- Born: 1963 (age 62–63) Casablanca, Morocco
- Occupation: Artist

= Amina Benbouchta =

Moroccan contemporary artist

Amina Benbouchta (born 1963), is a Moroccan painter, photographer, and installation artist. She was educated in Canada and Paris, is recognized internationally for her contemporary artworks that concentrate on social issues regarding gender politics. Early in her career she headed the fashion and culture magazine Les Aligés. She was also part of the Collectif 212 group of artists and curators who dedicated themselves to supporting emerging contemporary art in Morocco.

== Education and work ==
Born in Casablanca, Morocco in 1963, Amina Benbouchta was raised during the Years of Lead, under the reign of King Hassan II of Morocco, which was noted for its state violence and political intolerance. It was during this period that Benbouchta's career as an artist officially began in 1986 after her graduation from McGill University in Montreal, Canada, where she majored in Anthropology and Middle Eastern Studies. In 1988 and for the next two years, she audited art classes at the Ecole Nationale des Beaux Arts in Paris. Her works have been shown in institutions around the world, from the Cairo Biennial (1993) to the National Museum of Women and the Arts in Washington DC, USA (1997), with her most recent group and solo shows taking place in Rabat, Morocco. She primarily presents either in Morocco, Spain, or France. She began attending art fairs in 2008 in Marrakech, Morocco.

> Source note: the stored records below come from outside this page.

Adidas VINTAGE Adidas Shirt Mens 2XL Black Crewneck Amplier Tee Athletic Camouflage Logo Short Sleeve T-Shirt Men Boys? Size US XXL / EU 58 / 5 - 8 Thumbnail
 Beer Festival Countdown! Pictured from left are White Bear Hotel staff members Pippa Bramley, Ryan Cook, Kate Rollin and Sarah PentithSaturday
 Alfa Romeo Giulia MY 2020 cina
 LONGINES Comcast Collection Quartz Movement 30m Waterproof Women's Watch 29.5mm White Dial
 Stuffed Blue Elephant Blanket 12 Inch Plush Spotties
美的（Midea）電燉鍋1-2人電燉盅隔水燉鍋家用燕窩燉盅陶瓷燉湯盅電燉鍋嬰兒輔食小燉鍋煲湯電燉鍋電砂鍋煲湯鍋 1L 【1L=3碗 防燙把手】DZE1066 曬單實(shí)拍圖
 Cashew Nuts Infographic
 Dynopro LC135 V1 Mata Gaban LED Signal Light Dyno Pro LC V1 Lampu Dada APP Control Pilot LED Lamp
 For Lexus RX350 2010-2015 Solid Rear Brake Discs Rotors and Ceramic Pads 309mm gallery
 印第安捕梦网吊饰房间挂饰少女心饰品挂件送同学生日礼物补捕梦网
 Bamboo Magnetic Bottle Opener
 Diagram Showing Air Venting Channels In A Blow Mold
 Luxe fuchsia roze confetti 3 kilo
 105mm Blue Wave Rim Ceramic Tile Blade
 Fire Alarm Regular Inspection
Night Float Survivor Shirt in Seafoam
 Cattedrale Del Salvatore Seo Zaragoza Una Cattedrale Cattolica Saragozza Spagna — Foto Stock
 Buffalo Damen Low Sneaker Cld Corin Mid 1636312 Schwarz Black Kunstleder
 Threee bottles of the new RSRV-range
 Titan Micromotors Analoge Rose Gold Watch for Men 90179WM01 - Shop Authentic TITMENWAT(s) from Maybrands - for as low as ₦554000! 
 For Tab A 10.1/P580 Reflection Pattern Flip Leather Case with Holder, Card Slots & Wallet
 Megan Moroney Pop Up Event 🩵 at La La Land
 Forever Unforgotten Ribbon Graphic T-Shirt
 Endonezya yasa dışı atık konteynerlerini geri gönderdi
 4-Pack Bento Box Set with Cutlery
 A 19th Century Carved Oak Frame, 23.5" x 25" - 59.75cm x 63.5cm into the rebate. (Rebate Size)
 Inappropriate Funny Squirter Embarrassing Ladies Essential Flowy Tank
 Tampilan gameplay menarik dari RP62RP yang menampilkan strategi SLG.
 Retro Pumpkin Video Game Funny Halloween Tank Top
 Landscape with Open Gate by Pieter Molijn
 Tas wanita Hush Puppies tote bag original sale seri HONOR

During the 1990s Benbouchta headed the fashion and culture magazine Les Alignés. She was also the co-founder of Collectif 212, a group of curators and artists concerned with supporting emerging contemporary art in Morocco. The members consisted of Hassan Echair, Safâa  Erruas, Jamila Lamrani, Imad Mansour, Myriam Mihindou, and Younés Rahmoun.

In 1997 she completed her first residency at the Hôpital des Enfant Maladies, in Rabat, Morocco. In 2004, she completed her second residency at Musée de Marrakech/Maroc-France, expériences croisées in Marrakech, Morocco. In 2008, she completed her third residency at Castel de Denia in Denia, Spain.

Through her paintings, installations, and photography she draws on her anthropological studies background to reflect on everyday objects, the human, and her cultural environment. Her focus is in incorporating social issues regarding gender politics into her art.